Con lujo de detalles, decía Cherquis: “Los ojos abiertos. Los dientes apretados. Los músculos tensos. Firmeza en las piernas y convicción en la mirada insensible. Ya estábamos frente al Monzón de siempre. El que transmite aplomo y seguridad. Conciencia y elucubración. Un Monzón que se dijo basta, y readquiriendo la posición vertical puso en funcionamiento la mano izquierda para contener y la derecha para fusilar. El hombro y la pierna izquierdos adelantados para lograr la distancia y la cabeza fuera del área de alcance. Con el dominio del espacio logró también aquietar el ritmo. Le quitó vértigo, desordenó el planteo del retador y marcó la tregua a la fricción estableciendo el dominio intelectual del combate”.

Víctima de un castigo impiadoso, Valdez terminó abrazado a Monzón. 

El nuevo escenario ofrecía los certeros contragolpes del campeón esparcidos inmediatamente después de cada intento de ataque del retador. La seguridad del argentino fue limando las ventajas que el colombiano había cosechado en los primeros pasajes de la pelea. Empezaba a adueñarse del trámite. Castigó duro el santafesino en el noveno round. Valdez apenas resistió. No resultaba sencillo sobrevivir a esos puños sedientos de victoria.

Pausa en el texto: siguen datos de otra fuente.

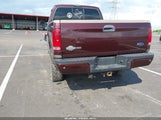 FORD F-250 LARIAT/XL/XLT 1FTNW21PX4EB44594 снимка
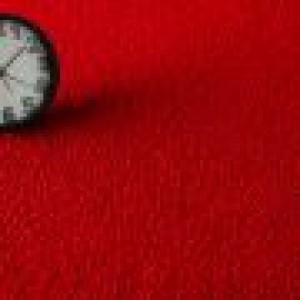 Μοκέτα Sit-in Dolce Vita 9819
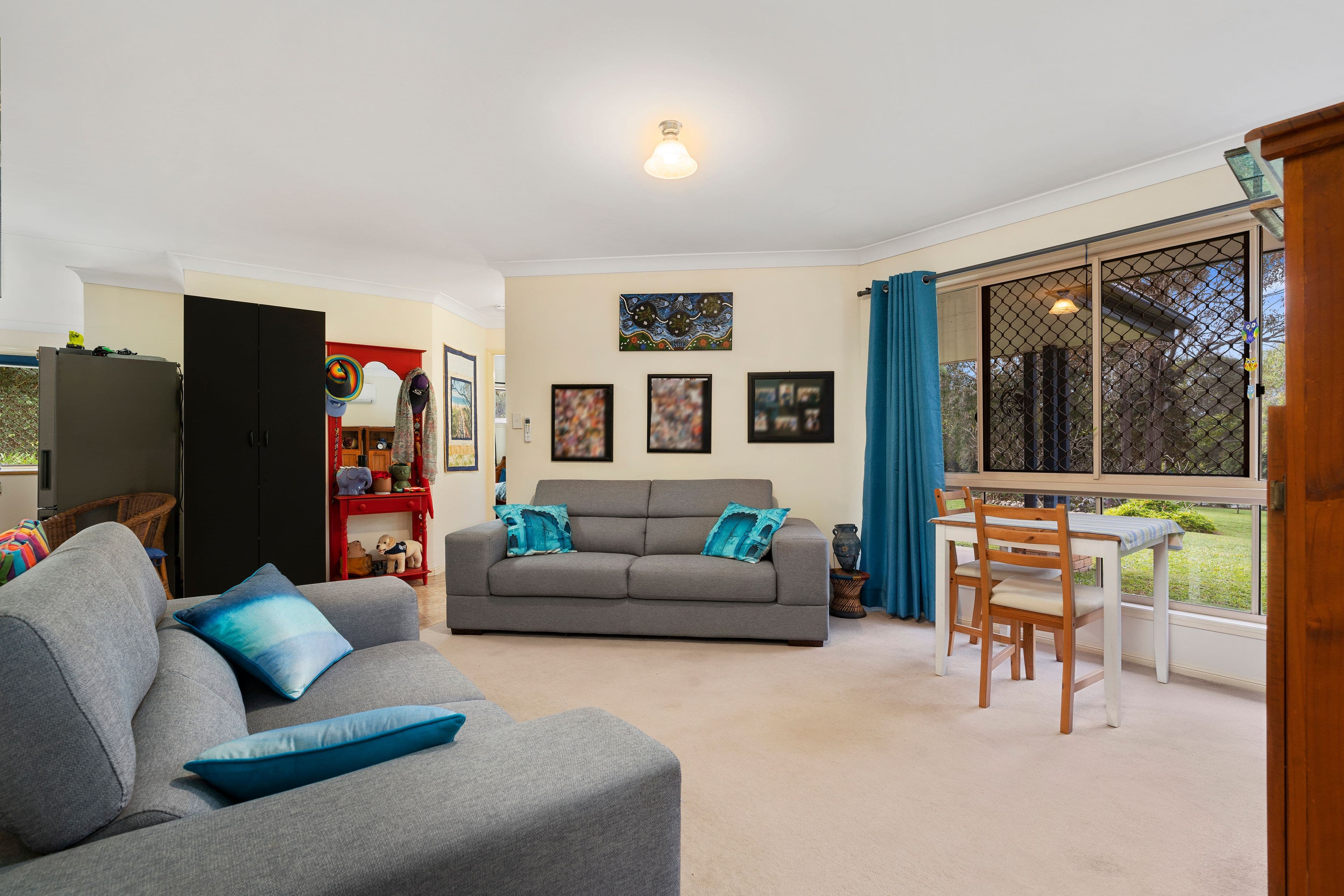 10 Heather Court, Woodford QLD 4514, Woodford - Thumbnail 4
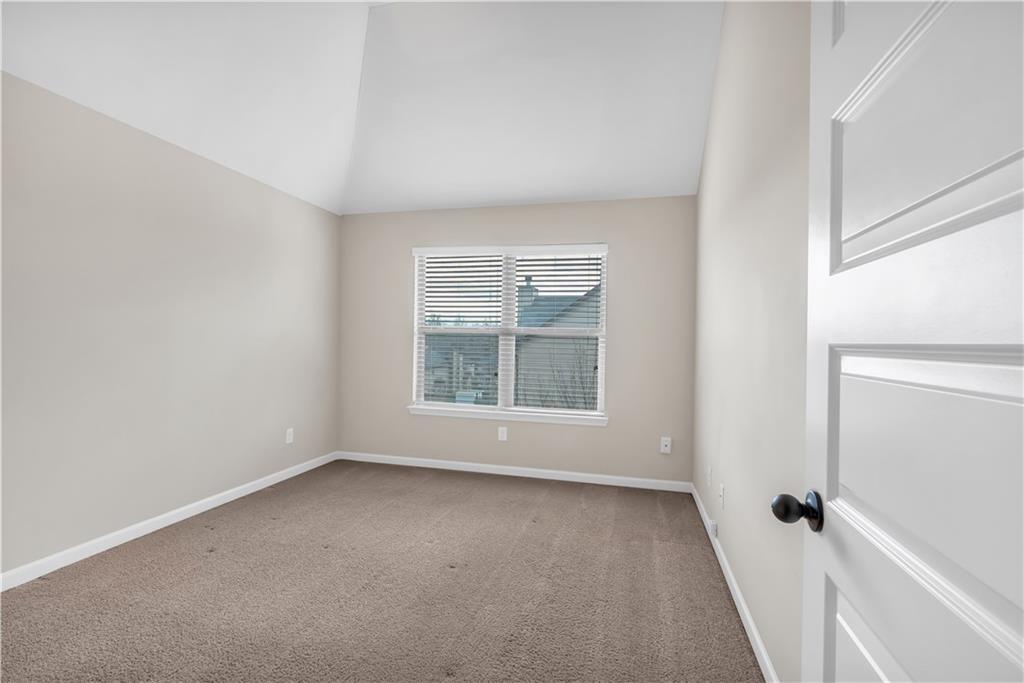845 Nevis Way, Mcdonough, Georgia image 35
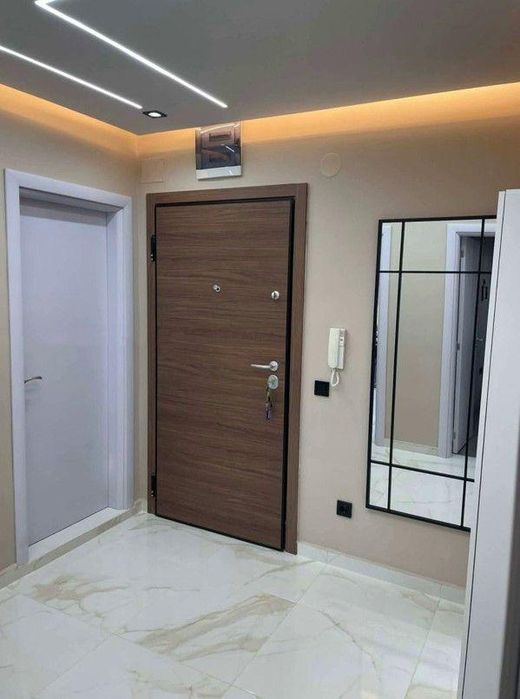 Двустаен, под наем, кв. Малинова долина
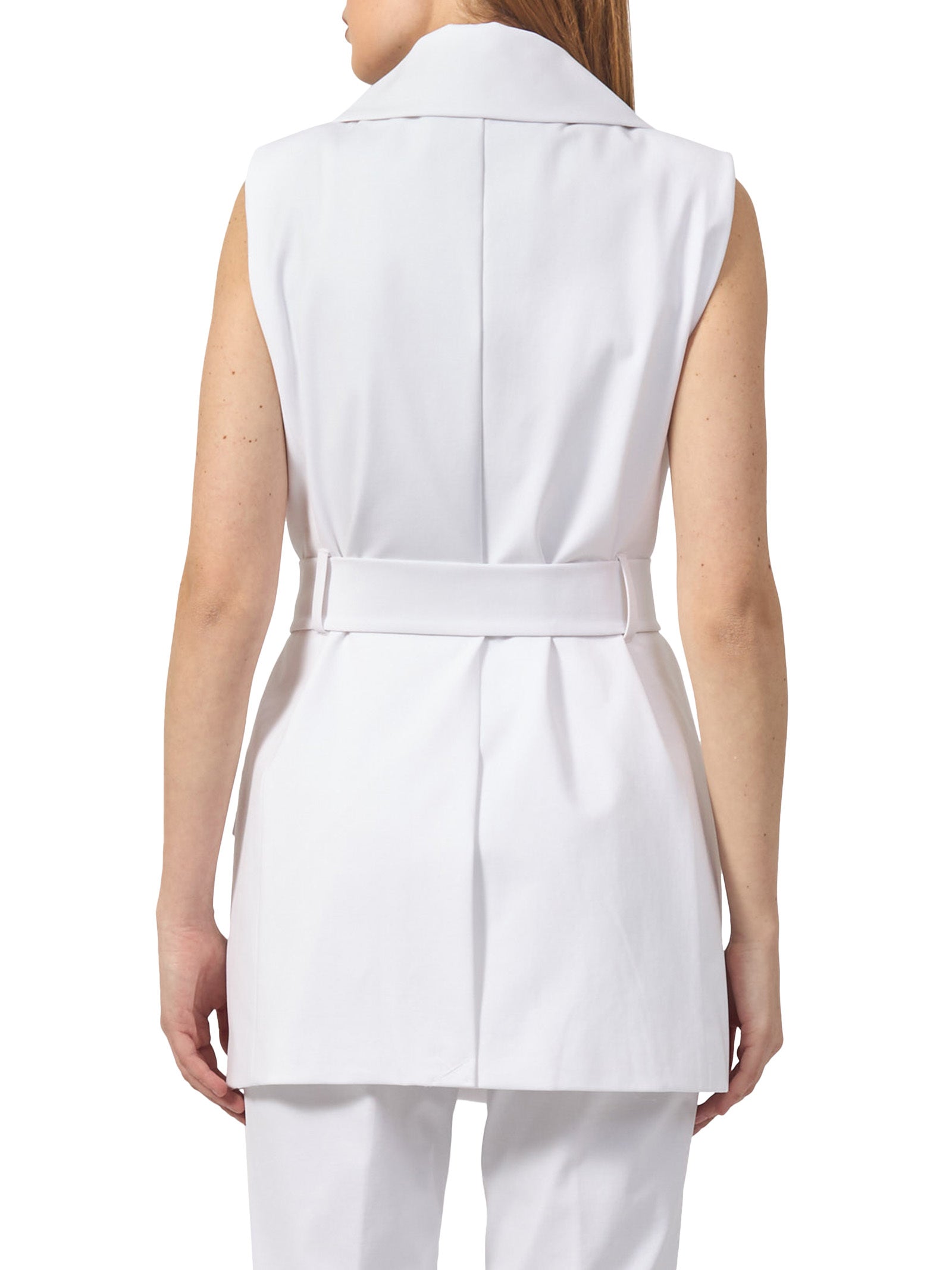 G207-KW000101_BIANCO_2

Otra vez se hace conveniente reparar en las palabras de Cherquis para entender cómo el décimo round acercó el desenlace. “Antes de los treinta segundos de ese inolvidable 10° round se vivió una rara sensación. Primero los gritos que acompañaron al gong. Después un murmullo con destino de silencio. Y cuando el silencio llegaba, como a propósito, una derecha en punta que choca la ceja de Valdez y la abre como si fuera una granada madura. La sangre del colombiano baja por su torso, y Monzón, cada vez más implacable, reaviva su instinto y lo castiga a voluntad”, indicó en su rico comentario.

El abrumador dominio de Monzón en esos tres minutos de acción marcó el destino de la pelea. Se sabía ganador. Para Valdez el combate se había transformado en un martirio. El argentino comprendía que no tenía sentido seguir machacando sobre un rival que ya no era tal. Su última gran obra estaba consumada. Las tarjetas de Dakin (144-141), Kurt Halbach (147-144) y Angelo Poletti (145-143) determinaron el triunfo por puntos en fallo unánime al cabo de 15 capítulos.

El Gráfico y Sports Illustrated reflejaron en sus portadas el valor de la última victoria del indiscutido campeón de los medianos.

De pronto, apareció Juan Carlos Lectoure, Tito, un personaje fundamental en el boxeo argentino desde su rol de promotor y dueño del Luna Park. Él había guiado paso a paso a Monzón en su carrera, pero se habían separado luego del anterior choque con Valdez. Se abrazaron, tal vez procurando disimular las diferencias del pasado reciente y regodearse de los viejos buenos tiempos. El santafesino le dijo al oído que dejaba el boxeo.

Y se fue como el enorme campeón que era. Con 14 defensas exitosas a lo largo de siete años de reinado. Fue la despedida ideal para un boxeador como pocos.